# 1990 Sentra Leaky Trunk



## jasperhobbs (Oct 5, 2008)

I have water that gets in trunk. I understand this is common problem on Sentras. Has anyone had this problem and what is the fix for it?

Thanks
Jasper


----------



## Fix (Nov 15, 2007)

Inside your trunk, there should be over 6 or so small black rubber plugs... over time they dry rot, and with the right amount of pressure from water from ur wheels splashin up, they will fall out, or begin to leak. One thing I did to solve this was use gorillia glue the plugs back in. this last longer. I also used JB Weld on one where a plug had been lost. Also I used a peice of strong blue latex glove with gorillia glue as a temporary seal that has last for over a year. So you can be pretty creative to solve this problem... pretty much its just that rubber seal... if you can replace them more power to you. but to be honest I would prefer feeling them in... if you have any bondo around you can always dab a little bit in and sand it some what smooth, don't have to be to smooth as I assume it will be covered up, and if not, then obviously you don't care if ur trunk looks a little ghetto... I'm not sure how well the bondo would hold but I would think it would work.

If you decide to use JB weld... it tends to fall out of the hole before it drys... so u have to use something to hold it in place until it dries

-Fix


----------



## jasperhobbs (Oct 5, 2008)

Fix thanks for the info and I will look at the plugs. However with the amount of water that was in the trunk when I bought the car(discovered water when I got home), I think it must be coming in from up top somewhere. The water was standing in center of trunk where donut tire sits.
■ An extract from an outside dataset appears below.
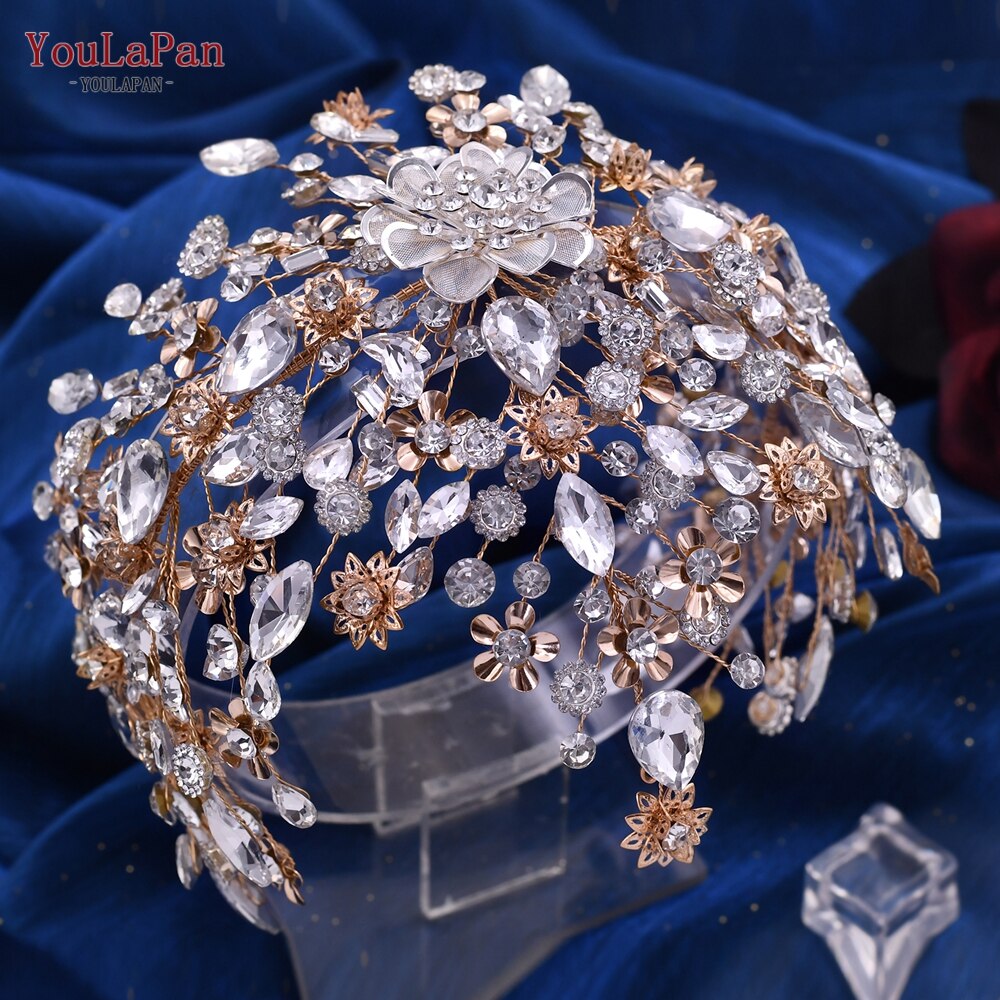 YouLaPan HP456 Fashion Bridal Hair Accessories Alloy Flower Wedding Crown Forehead Jewelry for Wedding Pageant Brides Headband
I did put some silicone gel around the trunk and did go through car wash and didn't take in any water but I have yet to run it while driving during a heavy down pour. I also read somewhere water comes in by light covers. I will have to do some more searching in trunk and put some water silicone gel anywhere I think problem might occur.

Jasper


----------



## 94 Sentra-XE (Jun 23, 2008)

one thing i have noticed on all nissans is the driver side rear tail light seal, i havent been able to fix it but i dont know if you can get the deals or not.....i tried silicone but the sharp angles make small puddles that leak


----------



## Fix (Nov 15, 2007)

That could be it... but my trunk seal was perfectly fine... and I had a huge puddle where my spare tire was aswell. so much so it rusted some, and I had to pump the water out... and the dirt left over was horrible!!!!!! Trust me those little holes can do that... spec after a storm... and u hit a puddle or something... or when ur drivein on a wet road... ur tire automaticly splashes up water to the under part of ur car. so little by little that water splashes in, and trust me a few miles on a wet road, with a puddle every now and then can flood the trunk... and im sure u understand water finds the lowest point... hence the spare tire area... Thats normaly the main problem with most nissan sentras of our type... They should be located in ur trunk close to the back fenders.... directly infront of the tail lights... and right behind the "hump" from ur wheel well... little black circles, even if they are intact... they might still leak from dry rottings... I would replace them if I had something better to replace them with anyways... one thing u can do is take a water hose... and spray it on top of ur trunk and in the cracks where the seal is... don't sure jet spray... closest to several differnt kinds of rain... and then check... after that spray it all under the back end of ur car... spec where those rubber seals are... tell me how it goes

-Fix


----------



## ahardb0dy (Nov 9, 2003)

I used black silicone on my trunk, just run a bead where the edge of the tail light ( on the top) meets the metal, that should take care of any leak you have, I did mine 4 years ago and it is still dry.


----------



## jasperhobbs (Oct 5, 2008)

Did you run bead around lights on inside of trunk or outside or both?

Jasper


----------



## ahardb0dy (Nov 9, 2003)

just the outside


----------



## rjohnson67 (Nov 10, 2010)

I had a problem like this, with water getting in through one of the taillights, used silicone to fix it, and it's held up fine.


----------